The charter which Sir Ferdinando Gorges received from King Charles I in 1639 gave to the Lord Proprietor of the Province of Maine alsmost regal powers, in both political and ecclesiastical administration. This authority the sturdy royalist and ardent churchman proposed to use, for making his colony a center of royal and prelatical power in Puritan New England. His ambitious designs extended even to the supression of Puritanism in all the New England colonies. Nothing could have been further from his purpose, than the organization of a church of the Pilgrim faith and order in the settlement of Agamenticus, which he soon organized as the first city in America, giving it the name of Gorgeana. This city was designed by its founder to become the political and ecclesiastical capital of the province. But it came to pass that in 1652 the Massachusetts Bay Colony asserted its authority over the Province of Maine, and Puritan influence was soon dominant, the city of Gorgeana becoming the town of York. Previous to this event, Puritan divines had labored at times among the people, and the name of the pious and learned Mr. Thompson has come down to us, as one held in high esteem.
In 1649, after the death of Gorges, a Generall Courte was held in Gorgeana. A prominent member of this court was Edward Rishworth, a son-in-law of the Rev. John Wheelock, the Antinomian leader who was banished from Massachusetts in 1637 and fled with his followers to the northern wilderness, where he founded the town of Exeter, N.H. Forced to leave Exeter, the exiles made the first settlement of Wells, in the Province of Maine. From thence Wheelock, recanting, returned to Massachusetts, and Rishworth took up his abode in Gorgeana, which he represented in the above council. One act of this body decreed that, "all who are out of a Church way and be orthodox in judgement and not scandalous in life, shall have full liberty to gather themselves into a Church estate...and every Church hath Frie liberty of election and ordination of all her officers, provided they be able, pious, and orthodox." The passage of this act would seem to imply the proposed organization of a Congregational church. It seems probable that Rishworth, having obtained the enactment of this decree for the purpose, effected the organization of a Congregational church not long after 1649. He was very prominent in the community affairs. He was later chairman of the committee acting in behalf of the church, in calling a council to ordain the first minister.
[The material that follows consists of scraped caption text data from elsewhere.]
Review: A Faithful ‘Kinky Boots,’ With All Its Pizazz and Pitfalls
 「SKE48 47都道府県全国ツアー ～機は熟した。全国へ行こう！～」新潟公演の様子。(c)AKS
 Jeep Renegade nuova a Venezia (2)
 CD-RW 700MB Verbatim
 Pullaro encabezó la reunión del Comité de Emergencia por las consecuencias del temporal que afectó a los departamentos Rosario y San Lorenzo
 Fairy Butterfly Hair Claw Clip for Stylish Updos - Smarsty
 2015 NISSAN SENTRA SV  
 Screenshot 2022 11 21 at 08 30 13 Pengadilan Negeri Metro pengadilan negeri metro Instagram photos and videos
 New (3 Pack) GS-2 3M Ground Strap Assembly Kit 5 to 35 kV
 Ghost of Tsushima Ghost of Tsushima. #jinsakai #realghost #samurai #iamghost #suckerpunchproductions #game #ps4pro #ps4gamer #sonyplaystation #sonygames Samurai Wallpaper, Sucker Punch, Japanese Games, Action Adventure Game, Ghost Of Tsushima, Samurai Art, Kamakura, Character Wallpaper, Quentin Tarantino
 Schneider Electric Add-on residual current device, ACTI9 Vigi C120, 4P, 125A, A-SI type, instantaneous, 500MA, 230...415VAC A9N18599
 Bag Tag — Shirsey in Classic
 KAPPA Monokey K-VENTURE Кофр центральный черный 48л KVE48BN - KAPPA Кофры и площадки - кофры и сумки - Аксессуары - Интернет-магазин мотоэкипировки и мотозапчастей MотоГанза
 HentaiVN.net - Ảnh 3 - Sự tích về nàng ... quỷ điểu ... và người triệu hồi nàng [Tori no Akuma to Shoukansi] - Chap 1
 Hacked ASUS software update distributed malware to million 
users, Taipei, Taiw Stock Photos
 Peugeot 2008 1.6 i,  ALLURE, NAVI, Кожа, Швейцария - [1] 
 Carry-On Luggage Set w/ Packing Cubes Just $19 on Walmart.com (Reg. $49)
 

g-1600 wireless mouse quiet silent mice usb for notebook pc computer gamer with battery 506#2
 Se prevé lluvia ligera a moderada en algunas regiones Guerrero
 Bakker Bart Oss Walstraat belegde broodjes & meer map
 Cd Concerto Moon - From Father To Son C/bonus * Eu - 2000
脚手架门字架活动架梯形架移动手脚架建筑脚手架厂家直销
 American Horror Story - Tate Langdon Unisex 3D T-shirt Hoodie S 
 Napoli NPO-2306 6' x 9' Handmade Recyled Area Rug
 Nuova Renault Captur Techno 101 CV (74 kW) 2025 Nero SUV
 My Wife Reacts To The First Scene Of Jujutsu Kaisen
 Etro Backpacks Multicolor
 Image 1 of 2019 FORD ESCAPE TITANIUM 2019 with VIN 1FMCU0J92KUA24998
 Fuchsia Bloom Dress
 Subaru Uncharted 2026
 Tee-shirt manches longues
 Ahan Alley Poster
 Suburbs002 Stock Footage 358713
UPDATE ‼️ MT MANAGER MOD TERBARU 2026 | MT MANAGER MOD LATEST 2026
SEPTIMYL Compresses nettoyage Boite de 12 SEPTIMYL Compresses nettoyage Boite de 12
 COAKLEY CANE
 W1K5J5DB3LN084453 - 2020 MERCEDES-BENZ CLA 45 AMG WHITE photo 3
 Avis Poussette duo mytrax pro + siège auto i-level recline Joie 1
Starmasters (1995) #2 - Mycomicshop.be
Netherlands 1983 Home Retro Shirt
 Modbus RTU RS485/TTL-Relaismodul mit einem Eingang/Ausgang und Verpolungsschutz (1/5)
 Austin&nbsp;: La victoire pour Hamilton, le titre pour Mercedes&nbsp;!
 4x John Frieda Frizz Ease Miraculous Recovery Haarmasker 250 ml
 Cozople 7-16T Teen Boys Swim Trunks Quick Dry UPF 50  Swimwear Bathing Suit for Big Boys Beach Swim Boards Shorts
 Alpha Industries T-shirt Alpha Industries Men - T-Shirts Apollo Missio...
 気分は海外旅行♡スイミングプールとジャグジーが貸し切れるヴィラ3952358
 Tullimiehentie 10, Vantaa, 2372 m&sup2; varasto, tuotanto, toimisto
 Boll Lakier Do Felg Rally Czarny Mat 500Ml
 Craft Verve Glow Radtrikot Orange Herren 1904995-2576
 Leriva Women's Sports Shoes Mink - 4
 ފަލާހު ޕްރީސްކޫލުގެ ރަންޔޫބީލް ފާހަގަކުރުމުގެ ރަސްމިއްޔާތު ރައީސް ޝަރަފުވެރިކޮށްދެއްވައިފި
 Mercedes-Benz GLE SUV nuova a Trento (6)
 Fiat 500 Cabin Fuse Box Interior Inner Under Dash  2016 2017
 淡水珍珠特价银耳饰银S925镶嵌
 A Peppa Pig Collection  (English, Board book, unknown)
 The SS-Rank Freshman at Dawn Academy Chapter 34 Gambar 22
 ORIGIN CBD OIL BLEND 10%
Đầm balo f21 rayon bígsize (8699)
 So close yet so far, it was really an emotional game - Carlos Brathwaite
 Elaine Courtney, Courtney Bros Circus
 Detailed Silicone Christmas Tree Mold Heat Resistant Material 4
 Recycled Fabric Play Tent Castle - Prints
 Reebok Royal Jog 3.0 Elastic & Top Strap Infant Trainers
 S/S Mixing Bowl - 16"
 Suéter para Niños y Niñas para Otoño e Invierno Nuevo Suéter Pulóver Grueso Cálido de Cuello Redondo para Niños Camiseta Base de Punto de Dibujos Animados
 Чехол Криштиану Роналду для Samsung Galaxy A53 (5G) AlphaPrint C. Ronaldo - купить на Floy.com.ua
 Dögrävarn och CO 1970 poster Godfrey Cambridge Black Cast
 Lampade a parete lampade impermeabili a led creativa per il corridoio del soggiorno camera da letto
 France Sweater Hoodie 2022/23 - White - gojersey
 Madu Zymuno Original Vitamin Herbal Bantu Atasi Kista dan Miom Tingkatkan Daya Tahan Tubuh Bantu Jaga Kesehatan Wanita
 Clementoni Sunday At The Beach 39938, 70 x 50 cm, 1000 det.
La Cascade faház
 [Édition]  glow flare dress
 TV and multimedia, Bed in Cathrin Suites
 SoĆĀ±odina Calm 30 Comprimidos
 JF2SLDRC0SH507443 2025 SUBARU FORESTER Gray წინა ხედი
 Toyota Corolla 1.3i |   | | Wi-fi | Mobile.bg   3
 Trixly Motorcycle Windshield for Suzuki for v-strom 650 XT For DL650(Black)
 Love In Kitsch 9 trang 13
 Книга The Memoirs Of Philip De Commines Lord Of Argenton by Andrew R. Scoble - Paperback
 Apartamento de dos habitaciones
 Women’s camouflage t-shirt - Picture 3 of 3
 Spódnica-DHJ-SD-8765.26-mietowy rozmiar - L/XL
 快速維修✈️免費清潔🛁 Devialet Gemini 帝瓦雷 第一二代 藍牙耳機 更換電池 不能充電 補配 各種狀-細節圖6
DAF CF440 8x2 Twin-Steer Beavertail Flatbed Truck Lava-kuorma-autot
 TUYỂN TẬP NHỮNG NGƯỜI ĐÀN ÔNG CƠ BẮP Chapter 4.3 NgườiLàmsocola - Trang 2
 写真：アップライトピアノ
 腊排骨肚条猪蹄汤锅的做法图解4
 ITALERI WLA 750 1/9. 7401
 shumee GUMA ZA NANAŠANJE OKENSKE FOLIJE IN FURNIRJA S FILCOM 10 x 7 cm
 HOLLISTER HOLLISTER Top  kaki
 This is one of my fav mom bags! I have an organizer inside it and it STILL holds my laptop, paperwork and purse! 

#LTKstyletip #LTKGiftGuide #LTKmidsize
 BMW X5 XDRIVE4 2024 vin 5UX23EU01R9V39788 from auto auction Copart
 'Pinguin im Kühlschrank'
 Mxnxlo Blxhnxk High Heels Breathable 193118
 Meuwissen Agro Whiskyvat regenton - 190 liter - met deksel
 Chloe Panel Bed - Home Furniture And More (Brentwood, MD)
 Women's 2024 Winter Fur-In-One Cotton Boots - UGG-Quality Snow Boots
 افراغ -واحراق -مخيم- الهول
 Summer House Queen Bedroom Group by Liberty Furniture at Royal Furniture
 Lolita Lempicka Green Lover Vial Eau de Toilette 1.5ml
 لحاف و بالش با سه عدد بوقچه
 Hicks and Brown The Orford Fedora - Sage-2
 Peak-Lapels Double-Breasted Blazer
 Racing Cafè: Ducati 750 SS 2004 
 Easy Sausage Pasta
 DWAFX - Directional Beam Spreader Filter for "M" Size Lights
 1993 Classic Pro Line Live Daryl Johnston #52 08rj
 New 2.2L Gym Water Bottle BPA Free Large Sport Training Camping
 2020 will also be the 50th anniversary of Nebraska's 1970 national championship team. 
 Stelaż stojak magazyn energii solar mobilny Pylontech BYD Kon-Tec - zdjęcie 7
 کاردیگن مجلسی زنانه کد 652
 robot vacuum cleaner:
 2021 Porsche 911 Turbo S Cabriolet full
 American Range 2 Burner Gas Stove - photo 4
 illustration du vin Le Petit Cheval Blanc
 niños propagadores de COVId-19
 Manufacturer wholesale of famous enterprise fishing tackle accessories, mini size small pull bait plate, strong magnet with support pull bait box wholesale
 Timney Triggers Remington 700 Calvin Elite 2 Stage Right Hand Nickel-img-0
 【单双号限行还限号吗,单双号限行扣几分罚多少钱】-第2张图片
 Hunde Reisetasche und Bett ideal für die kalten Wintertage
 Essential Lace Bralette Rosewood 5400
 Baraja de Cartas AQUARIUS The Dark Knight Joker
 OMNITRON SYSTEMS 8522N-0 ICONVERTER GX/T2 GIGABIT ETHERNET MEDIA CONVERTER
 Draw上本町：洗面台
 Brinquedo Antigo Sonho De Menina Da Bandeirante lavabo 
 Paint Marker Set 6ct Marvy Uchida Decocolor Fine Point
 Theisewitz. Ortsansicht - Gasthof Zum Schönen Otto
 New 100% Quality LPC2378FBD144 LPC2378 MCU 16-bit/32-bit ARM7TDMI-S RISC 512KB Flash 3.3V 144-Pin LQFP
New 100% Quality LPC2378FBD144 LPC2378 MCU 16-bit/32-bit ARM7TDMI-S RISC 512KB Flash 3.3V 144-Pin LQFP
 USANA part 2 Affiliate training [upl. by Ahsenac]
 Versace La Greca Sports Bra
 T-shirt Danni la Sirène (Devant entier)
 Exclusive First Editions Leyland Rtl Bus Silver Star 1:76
Such evidence as we possess seems to indicate Edward Rishworth as the man to whose influence the first organization of the church was most largely due.
This early organization evidently failed to maintain a very effective life, until Mr. Dummer came into the field as a leader in 1662, six years after his graduation from Harvard. The building of a new meeting-house in 1667 indicates pretty conclusively that Mr. Dummer's efforts had brought the organization up to an active condition at that time. Existing records of the First Church of Rowley, Mass., under date of September 12, 1671, include a statement of Mr. Dummer's refusal to become co-pastor of that church, because the needs of the York people and their love for him constrained him to remain with them. This situation implies a considerable period of service before 1671.